Mas a menos que você seja um enonerd como eu – e mesmo que você seja – muito mais divertido que se debruçar sobre as incríveis pesquisas sendo conduzidas no Institute é ouvir Alejandro Vigil “mastigando” os dados e nos devolvendo em forma de degustação.
“Engarrafando Paisagens”: Como Alejandro Vigil Entende Seu Papel no Vinho
Carismático, autêntico, sincero e engraçado. Não à toa virou “enocelebridade” – contrariando sua própria crença de que o enólogo deveria ser uma figura muito mais marginal na imagem do vinho, apenas “engarrafando a paisagem” – uma de suas pérolas eu que amo repetir.
E aprendi mais uma pérola nesse dia – em que faríamos uma degustação horizontal pelos melhores terroirs da Catena e El Enemigo: Malbec e Cabernet Franc – não à toa as duas variedades que Vigil escolheu trabalhar em seu projeto pessoal – o El Enemigo – são as variedades que melhor espelham o terroir em que crescem.
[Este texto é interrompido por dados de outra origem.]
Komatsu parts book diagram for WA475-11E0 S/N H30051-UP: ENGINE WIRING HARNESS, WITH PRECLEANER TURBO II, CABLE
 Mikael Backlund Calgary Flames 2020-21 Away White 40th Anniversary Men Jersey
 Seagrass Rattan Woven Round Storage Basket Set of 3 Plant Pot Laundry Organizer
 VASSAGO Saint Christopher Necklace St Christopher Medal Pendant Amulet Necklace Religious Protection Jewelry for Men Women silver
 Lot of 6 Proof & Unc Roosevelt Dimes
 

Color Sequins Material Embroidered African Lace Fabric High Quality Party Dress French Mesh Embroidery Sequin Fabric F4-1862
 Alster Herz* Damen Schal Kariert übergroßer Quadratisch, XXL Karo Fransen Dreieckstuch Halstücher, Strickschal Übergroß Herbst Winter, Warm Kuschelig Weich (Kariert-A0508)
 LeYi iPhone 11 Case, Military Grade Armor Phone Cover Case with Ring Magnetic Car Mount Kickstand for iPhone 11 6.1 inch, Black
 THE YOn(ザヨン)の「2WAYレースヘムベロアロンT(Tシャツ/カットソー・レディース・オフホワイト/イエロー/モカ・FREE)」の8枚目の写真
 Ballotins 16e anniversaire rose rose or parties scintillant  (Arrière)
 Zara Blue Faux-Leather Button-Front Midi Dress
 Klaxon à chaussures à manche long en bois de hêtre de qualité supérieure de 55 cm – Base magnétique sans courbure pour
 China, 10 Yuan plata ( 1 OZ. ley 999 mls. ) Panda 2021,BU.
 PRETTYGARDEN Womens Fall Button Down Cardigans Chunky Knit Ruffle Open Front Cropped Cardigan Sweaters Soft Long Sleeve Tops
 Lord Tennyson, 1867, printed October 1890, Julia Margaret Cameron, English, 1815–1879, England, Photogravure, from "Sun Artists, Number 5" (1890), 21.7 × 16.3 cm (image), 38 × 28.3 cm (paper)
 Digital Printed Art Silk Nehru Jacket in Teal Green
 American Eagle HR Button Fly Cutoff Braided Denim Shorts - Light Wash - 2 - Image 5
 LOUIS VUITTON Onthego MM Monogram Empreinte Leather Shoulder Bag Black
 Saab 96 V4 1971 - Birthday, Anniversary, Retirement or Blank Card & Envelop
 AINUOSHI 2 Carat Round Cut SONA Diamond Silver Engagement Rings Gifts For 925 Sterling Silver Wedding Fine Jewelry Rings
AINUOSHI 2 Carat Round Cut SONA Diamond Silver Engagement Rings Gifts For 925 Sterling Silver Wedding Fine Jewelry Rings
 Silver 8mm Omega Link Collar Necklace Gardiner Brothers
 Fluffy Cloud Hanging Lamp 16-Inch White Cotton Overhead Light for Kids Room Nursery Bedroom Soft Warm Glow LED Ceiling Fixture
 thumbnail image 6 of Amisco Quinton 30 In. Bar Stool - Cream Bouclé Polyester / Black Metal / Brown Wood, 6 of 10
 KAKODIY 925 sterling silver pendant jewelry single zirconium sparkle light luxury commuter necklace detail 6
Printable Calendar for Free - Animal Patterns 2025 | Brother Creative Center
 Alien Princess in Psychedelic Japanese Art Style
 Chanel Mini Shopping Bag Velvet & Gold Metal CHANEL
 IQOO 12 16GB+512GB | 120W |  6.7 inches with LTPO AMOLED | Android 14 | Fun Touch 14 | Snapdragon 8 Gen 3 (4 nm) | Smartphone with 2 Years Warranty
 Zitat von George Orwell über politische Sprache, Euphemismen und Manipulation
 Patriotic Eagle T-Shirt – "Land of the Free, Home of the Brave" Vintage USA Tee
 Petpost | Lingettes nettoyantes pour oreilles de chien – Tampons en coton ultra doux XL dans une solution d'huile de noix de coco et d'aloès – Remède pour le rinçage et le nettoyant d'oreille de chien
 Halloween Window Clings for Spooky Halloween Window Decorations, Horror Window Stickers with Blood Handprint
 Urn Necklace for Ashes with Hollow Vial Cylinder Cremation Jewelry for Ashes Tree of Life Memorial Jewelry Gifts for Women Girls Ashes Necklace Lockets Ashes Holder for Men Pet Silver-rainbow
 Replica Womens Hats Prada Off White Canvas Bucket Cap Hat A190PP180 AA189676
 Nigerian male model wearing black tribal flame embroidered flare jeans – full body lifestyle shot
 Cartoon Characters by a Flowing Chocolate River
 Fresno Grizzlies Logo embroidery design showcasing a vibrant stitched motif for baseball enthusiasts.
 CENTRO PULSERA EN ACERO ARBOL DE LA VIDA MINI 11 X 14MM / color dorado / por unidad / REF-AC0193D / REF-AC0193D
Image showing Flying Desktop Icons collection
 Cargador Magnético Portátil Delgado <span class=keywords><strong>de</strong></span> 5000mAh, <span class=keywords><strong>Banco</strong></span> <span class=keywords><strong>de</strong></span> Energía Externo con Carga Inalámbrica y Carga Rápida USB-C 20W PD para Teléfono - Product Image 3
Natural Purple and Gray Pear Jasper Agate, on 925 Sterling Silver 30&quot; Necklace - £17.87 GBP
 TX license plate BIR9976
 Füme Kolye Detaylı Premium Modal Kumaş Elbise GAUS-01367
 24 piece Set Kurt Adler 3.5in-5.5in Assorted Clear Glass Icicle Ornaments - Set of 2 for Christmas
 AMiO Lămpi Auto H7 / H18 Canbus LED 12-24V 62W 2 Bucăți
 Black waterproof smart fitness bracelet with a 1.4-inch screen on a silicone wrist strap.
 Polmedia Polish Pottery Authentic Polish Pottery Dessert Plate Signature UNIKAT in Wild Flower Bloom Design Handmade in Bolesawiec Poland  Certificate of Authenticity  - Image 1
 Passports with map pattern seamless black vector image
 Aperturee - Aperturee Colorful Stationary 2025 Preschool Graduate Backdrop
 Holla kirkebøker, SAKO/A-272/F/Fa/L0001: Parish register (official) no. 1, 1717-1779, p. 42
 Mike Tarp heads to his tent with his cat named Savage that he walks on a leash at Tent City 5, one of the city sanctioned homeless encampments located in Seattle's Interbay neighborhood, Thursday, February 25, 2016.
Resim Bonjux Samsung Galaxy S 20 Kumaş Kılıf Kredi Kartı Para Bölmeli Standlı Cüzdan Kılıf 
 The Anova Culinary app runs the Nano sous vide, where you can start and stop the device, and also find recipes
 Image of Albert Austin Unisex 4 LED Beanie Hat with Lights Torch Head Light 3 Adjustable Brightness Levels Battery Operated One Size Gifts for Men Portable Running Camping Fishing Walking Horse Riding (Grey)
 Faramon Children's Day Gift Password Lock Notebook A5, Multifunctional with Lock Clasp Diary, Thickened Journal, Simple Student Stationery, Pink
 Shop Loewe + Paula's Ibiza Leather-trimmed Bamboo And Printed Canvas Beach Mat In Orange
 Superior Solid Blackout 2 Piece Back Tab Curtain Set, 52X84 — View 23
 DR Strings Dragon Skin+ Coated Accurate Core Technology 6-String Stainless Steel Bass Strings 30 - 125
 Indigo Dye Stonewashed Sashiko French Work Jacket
E isso era justamente o que estávamos prestes a constatar em nossas taças.
Histórias de Safras, Montanhas e Ventos Mendocinos
Com seu usual carisma, Ale nos contou histórias de como foram as safras 2016 e 2020 – uma fria e molhada e a outra muito mais quente. Diferença nitidamente notável nas taças de Mundus Bacillus Terrae que tínhamos à nossa frente. “2020 es para bife de chorizo y 2016 para tomar solo” – ele resumiu.
Não sem, ao longo do caminho, nos contar sobre o índice WInkler, a montanha que se ergueu do mar, como a safra de 1998 foi tão molhada como 2016 mas na primeira perderam tudo e na segunda tiveram a maior quantidade de vinhos premiados da história, da importância do vento Zonda na formação do terroir mendocino – e teve até conselho: “Que nunca os agarre vento Zonda bajando en avión. Nos es divertido!”. Histórias deliciosas que vou compartilhando por aí.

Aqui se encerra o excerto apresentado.